## ABOUT THIS EXERCISE:
Return only the lines running from the one that contains "This video will" through the end of the entries, exactly, both ends included. Omit pictures.

[DATA PROVIDED]

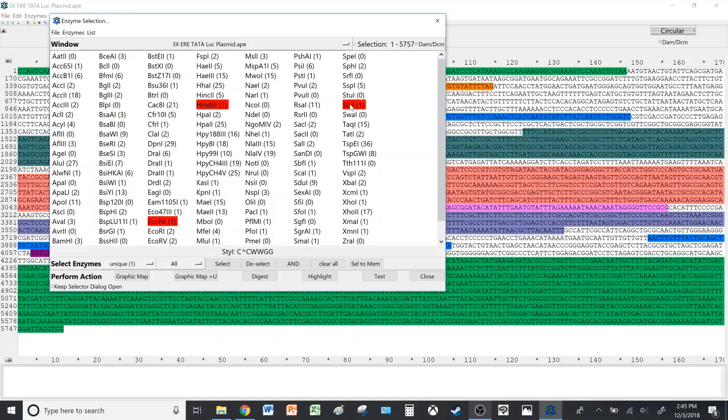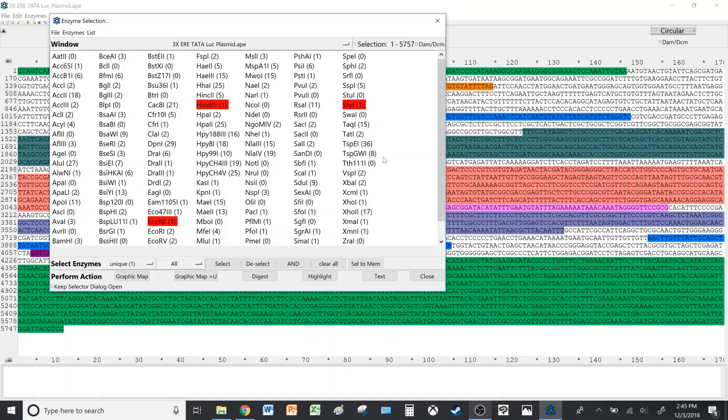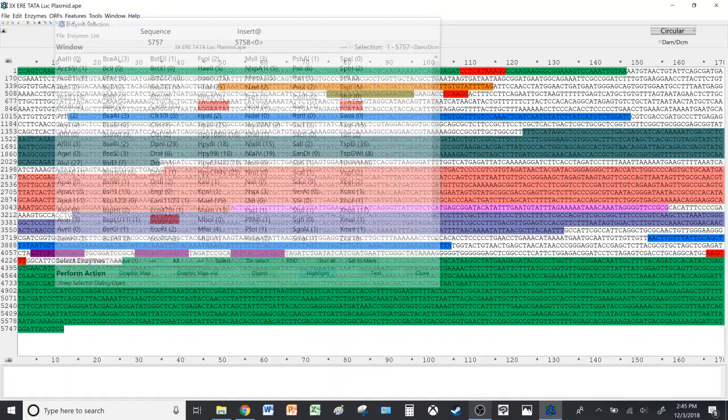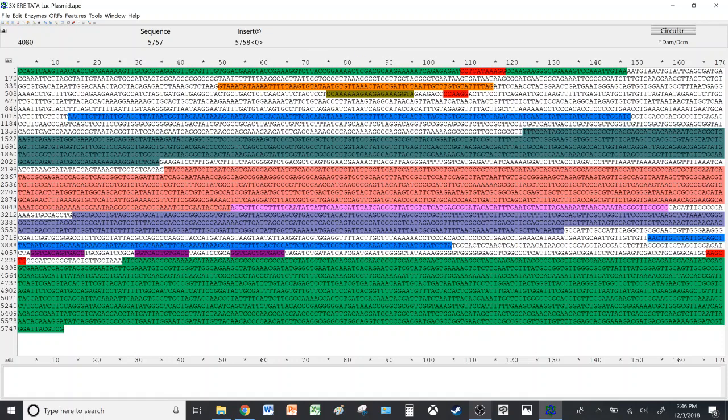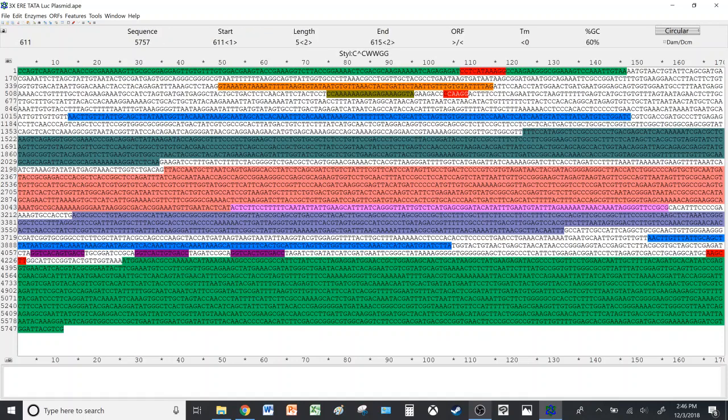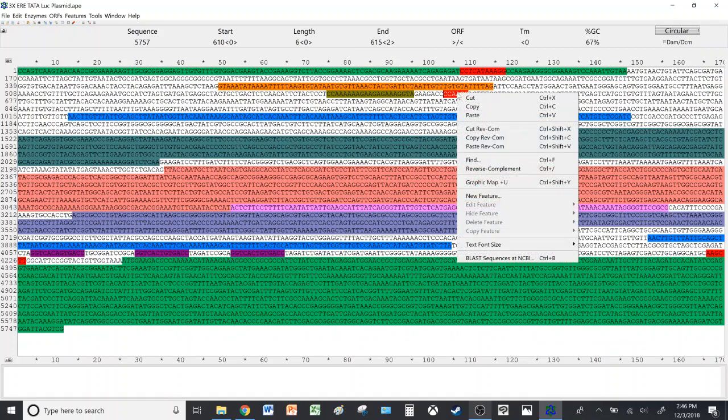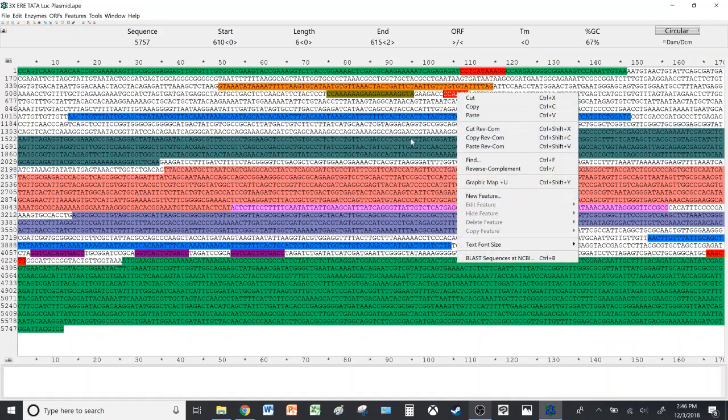And StyI here. Then if you wish for the sequences at which they cut to appear on the plasmid sequence itself, you simply click Highlight and it shows you here. Then you can highlight it or drag your cursor over it and then right click and label it as a feature if you wish. If not, you can keep it highlighted in red like so.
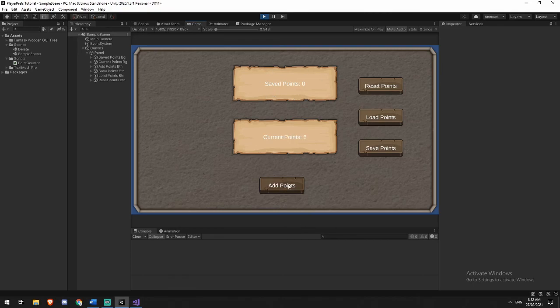Add some points, save, load, reset, and you get the picture. Everything works.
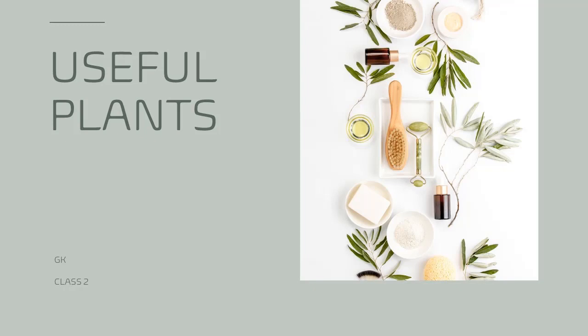Hello children, today we are going to do our GK chapter that is useful plants. In this chapter, we will learn how plants are useful for human beings. So let's get started.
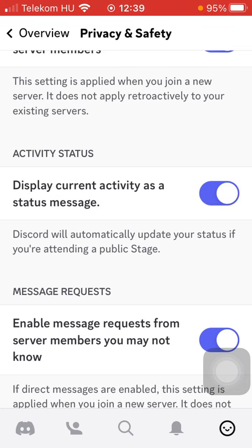You can easily enable it by clicking on the button on the right side of the screen. Discord will automatically update your status if you're attending a public stage. Now it has been turned on — that's pretty much it for this video guys, see you in the next one, bye bye!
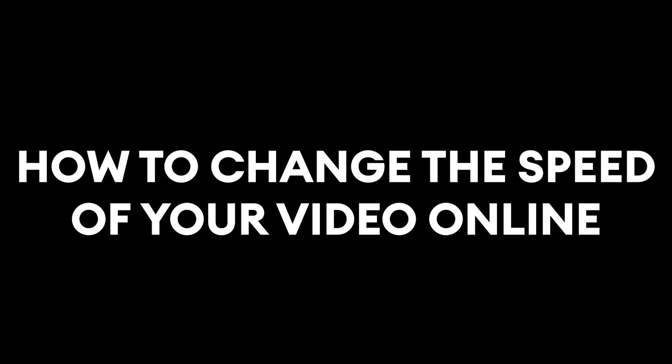Hey everyone, Alec here with Veed. In this video I'm going to be showing you how to change the speed of your video online. So let's say you have a video and you want to change the video speed for any reason. It could be that you think the video plays through too slow, or you want to speed it up for an aesthetic look. In this video I'm going to show you how to do that.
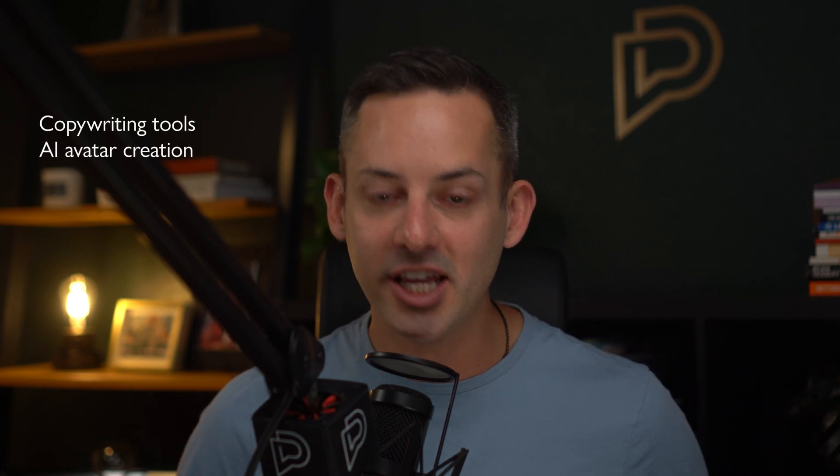If you're looking to incorporate powerful AI tools in your business and workflow, this is the video to watch. I've had a chance to try many copywriting tools, AI avatar creation, email marketing, ad campaign management, video editing and optimization, logo creation, and so much more.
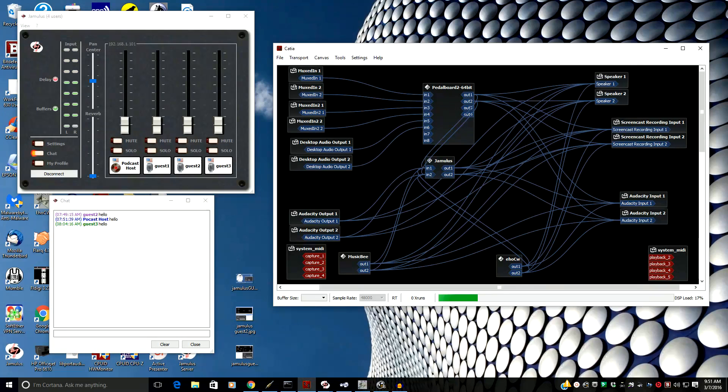This video will demonstrate how to use Jamulus for your podcast remote interview software.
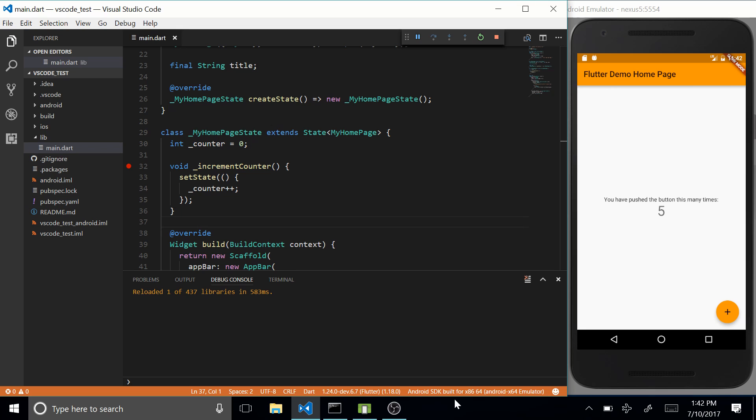But let's say that I was running multiple emulators on my device or I had connected a physical device and an emulator. I could switch between those just by clicking on it and by changing the emulator or changing the device.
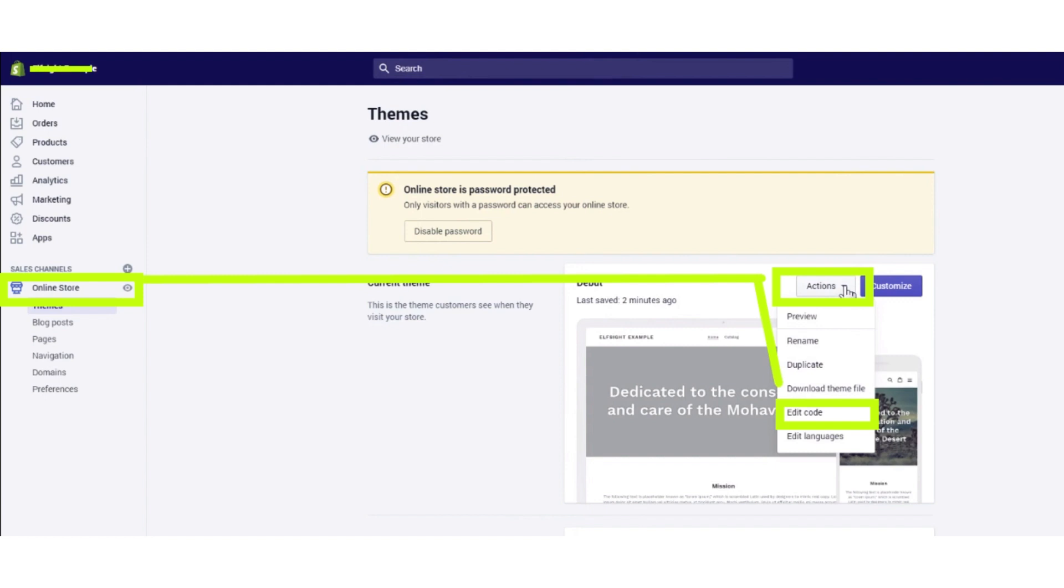Now click on the themes button. Click on the actions dropdown menu, then from the dropdown, select the edit code option.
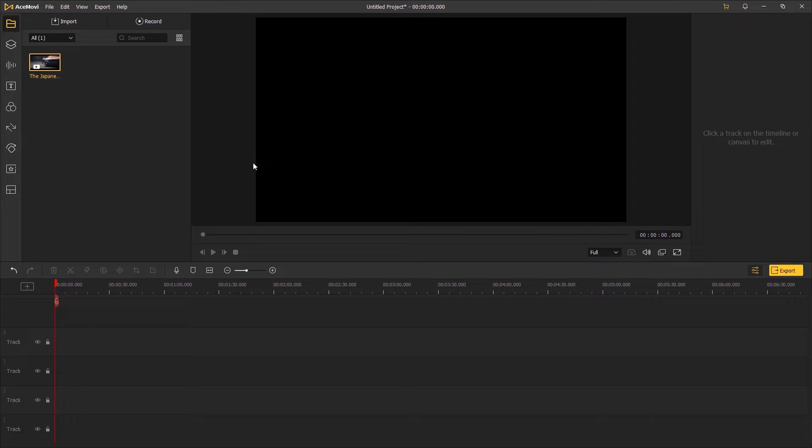Hey guys, in today's tutorial, you're going to learn how to change the pitch of a video in Toonskate Ace Movie.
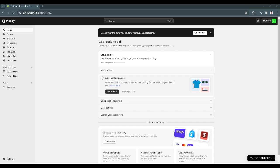First you want to head to your Shopify admin page at admin.shopify.com. From here in your home page, go to the left hand side and find the app section.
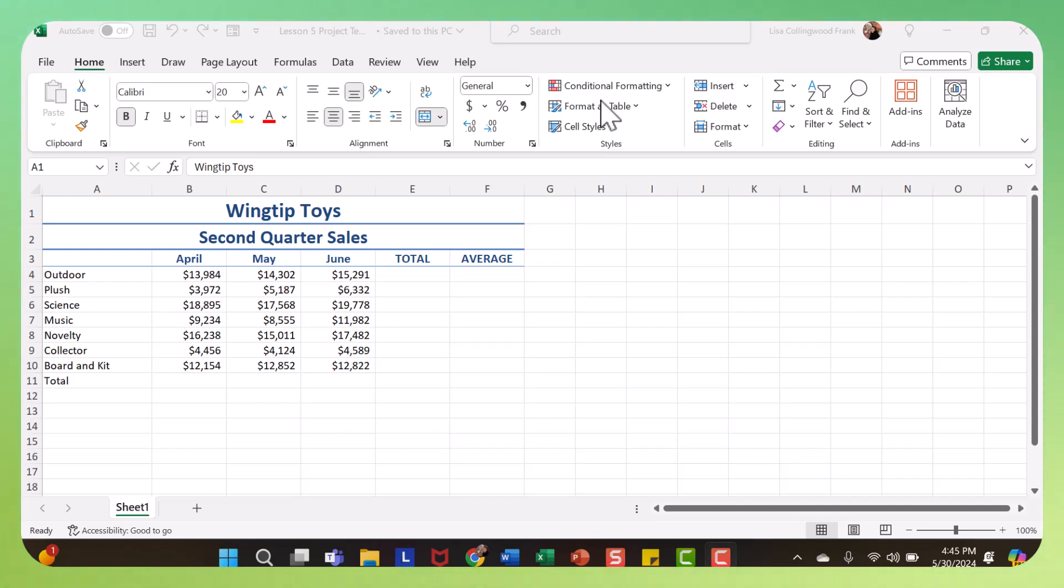When you are working with formulas and functions, they're actually really pretty easy and pretty straightforward. I am using the project from week two. I believe it was lesson five.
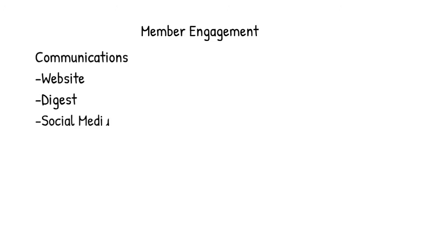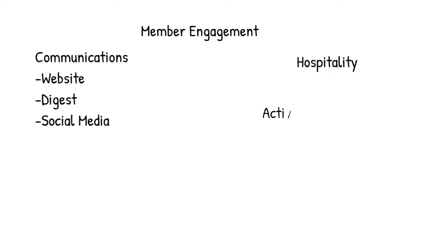Keeping the lines of communication open is an important priority in a community of our size, and we have various channels to do that, including the church website, Facebook pages, and other social media platforms. Sunday morning hospitality falls within this area, as does our Growth Through Service program.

[/DATA PROVIDED]

## ANSWER AREA:
This video will demonstrate how to use Jamulus for your podcast remote interview software.
But let's say that I was running multiple emulators on my device or I had connected a physical device and an emulator. I could switch between those just by clicking on it and by changing the emulator or changing the device.
Now click on the themes button. Click on the actions dropdown menu, then from the dropdown, select the edit code option.
Hey guys, in today's tutorial, you're going to learn how to change the pitch of a video in Toonskate Ace Movie.
First you want to head to your Shopify admin page at admin.shopify.com. From here in your home page, go to the left hand side and find the app section.
When you are working with formulas and functions, they're actually really pretty easy and pretty straightforward. I am using the project from week two. I believe it was lesson five.
Keeping the lines of communication open is an important priority in a community of our size, and we have various channels to do that, including the church website, Facebook pages, and other social media platforms. Sunday morning hospitality falls within this area, as does our Growth Through Service program.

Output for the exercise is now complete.